6. M. A se prévaut de sa présence en France depuis novembre 2014 et de sa relation de concubinage avec une ressortissante française. Alors que les premiers juges avaient noté l'insuffisance de pièces permettant d'attester, de manière objective, sa résidence continue sur le territoire français pendant la période alléguée, M. A n'apporte aucune pièce nouvelle et probante en appel. Ainsi, les documents versés au dossier de première instance et en appel n'établissent pas sa présence en France avant avril 2019, non plus que de juillet 2019 à août 2020, ni enfin pour l'année 2021, l'attestation d'un agent d'accueil de la CAF n'étant pas suffisante en l'absence d'autres documents objectifs et concordants permettant de confirmer ses déclarations. Par ailleurs, s'il ressort des pièces du dossier que M. A et sa compagne s'étaient engagés dans un processus d'assistance médicale à la procréation en 2019, la stabilité et l'ancienneté du concubinage, qui n'est de nouveau établi qu'à compter de 2022, ne ressortent pas davantage des pièces du dossier. M. A ne se prévaut en outre d'aucune insertion professionnelle. Enfin, il ne soutient pas être dépourvu d'attaches au Suriname, où il a vécu jusqu'à l'âge de 34 ans. Eu égard à la durée et aux conditions de son séjour en France, le préfet de la Marne n'a pas porté à son droit au respect de sa vie privée et familiale une atteinte disproportionnée au regard des buts en vue desquels il a pris la décision attaquée et n'a, dès lors, méconnu ni les stipulations de l'article 8 de la convention européenne de sauvegarde des droits de l'homme et des libertés fondamentales, ni les dispositions de l'article L. 423-23 du code de l'entrée et du séjour des étrangers et du droit d'asile.
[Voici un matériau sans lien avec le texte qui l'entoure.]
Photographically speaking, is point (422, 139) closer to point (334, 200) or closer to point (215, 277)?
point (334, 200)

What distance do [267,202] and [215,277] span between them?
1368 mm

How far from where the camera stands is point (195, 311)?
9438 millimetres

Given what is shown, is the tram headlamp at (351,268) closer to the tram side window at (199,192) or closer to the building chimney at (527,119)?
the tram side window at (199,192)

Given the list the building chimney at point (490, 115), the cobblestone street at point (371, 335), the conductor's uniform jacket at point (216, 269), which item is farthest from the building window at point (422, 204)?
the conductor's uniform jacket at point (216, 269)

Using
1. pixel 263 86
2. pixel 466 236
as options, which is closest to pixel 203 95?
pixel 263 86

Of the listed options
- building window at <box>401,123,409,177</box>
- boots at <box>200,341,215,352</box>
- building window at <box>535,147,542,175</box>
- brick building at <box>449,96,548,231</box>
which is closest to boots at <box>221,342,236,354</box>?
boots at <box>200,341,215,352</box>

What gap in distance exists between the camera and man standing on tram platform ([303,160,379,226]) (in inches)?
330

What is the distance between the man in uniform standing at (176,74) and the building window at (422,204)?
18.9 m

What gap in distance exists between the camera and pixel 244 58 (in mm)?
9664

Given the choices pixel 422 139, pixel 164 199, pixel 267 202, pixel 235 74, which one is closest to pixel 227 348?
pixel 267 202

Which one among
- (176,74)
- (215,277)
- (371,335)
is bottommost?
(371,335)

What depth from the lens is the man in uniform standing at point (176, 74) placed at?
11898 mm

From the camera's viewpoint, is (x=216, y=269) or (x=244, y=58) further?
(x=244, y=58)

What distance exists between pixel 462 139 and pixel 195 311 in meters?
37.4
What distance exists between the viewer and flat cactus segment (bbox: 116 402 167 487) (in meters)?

7. En deuxième lieu, aux termes de l'article L. 435-1 du code de l'entrée et du séjour des étrangers et du droit d'asile : " L'étranger dont l'admission au séjour répond à des considérations humanitaires ou se justifie au regard des motifs exceptionnels qu'il fait valoir peut se voir délivrer une carte de séjour temporaire portant la mention " salarié ", " travailleur temporaire " ou " vie privée et familiale ", sans que soit opposable la condition prévue à l'article L. 412-1. / Lorsqu'elle envisage de refuser la demande d'admission exceptionnelle au séjour formée par un étranger qui justifie par tout moyen résider habituellement en France depuis plus de dix ans, l'autorité administrative est tenue de soumettre cette demande pour avis à la commission du titre de séjour prévue à l'article L. 432-14 ".

8. Les circonstances rappelées au point 6 ne sont pas de nature à établir que son admission au séjour répond à des considérations humanitaires ou se justifie au regard de motifs exceptionnels. Dans ces conditions, et eu égard à la durée et aux conditions de séjour de M. A en France, la décision n'est pas entachée d'une erreur manifeste d'appréciation au regard des dispositions de l'article L. 435-1 du code de l'entrée et du séjour des étrangers et du droit d'asile.

En ce qui concerne l'obligation de quitter le territoire français :

9. En premier lieu, il résulte de ce qui a été dit précédemment concernant le refus de titre de séjour que le moyen tiré de l'exception d'illégalité de cette décision ne peut qu'être écarté.

10. En second lieu, eu égard à la durée et aux conditions de séjour telles qu'exposées au point 6 de la présente ordonnance, l'obligation de quitter le territoire français n'est pas entachée d'une erreur manifeste d'appréciation de ses conséquences sur la situation personnelle de M. A.

11. Il résulte de tout ce qui précède que les conclusions en annulation de la requête présentée par M. A sont manifestement dépourvues de fondement et ne peuvent dès lors qu'être rejetées en application des dispositions précitées de l'article R. 222-1 du code de justice administrative. Par voie de conséquence, il y a lieu de rejeter également ses conclusions présentées au titre des dispositions de l'article 37 de la loi du 10 juillet 1991.

ORDONNE :

Article 1er : La requête de M. A est rejetée.

Article 2 : La présente ordonnance sera notifiée à M. D A, à Me Sirol et au ministre de l'intérieur et des outre-mer.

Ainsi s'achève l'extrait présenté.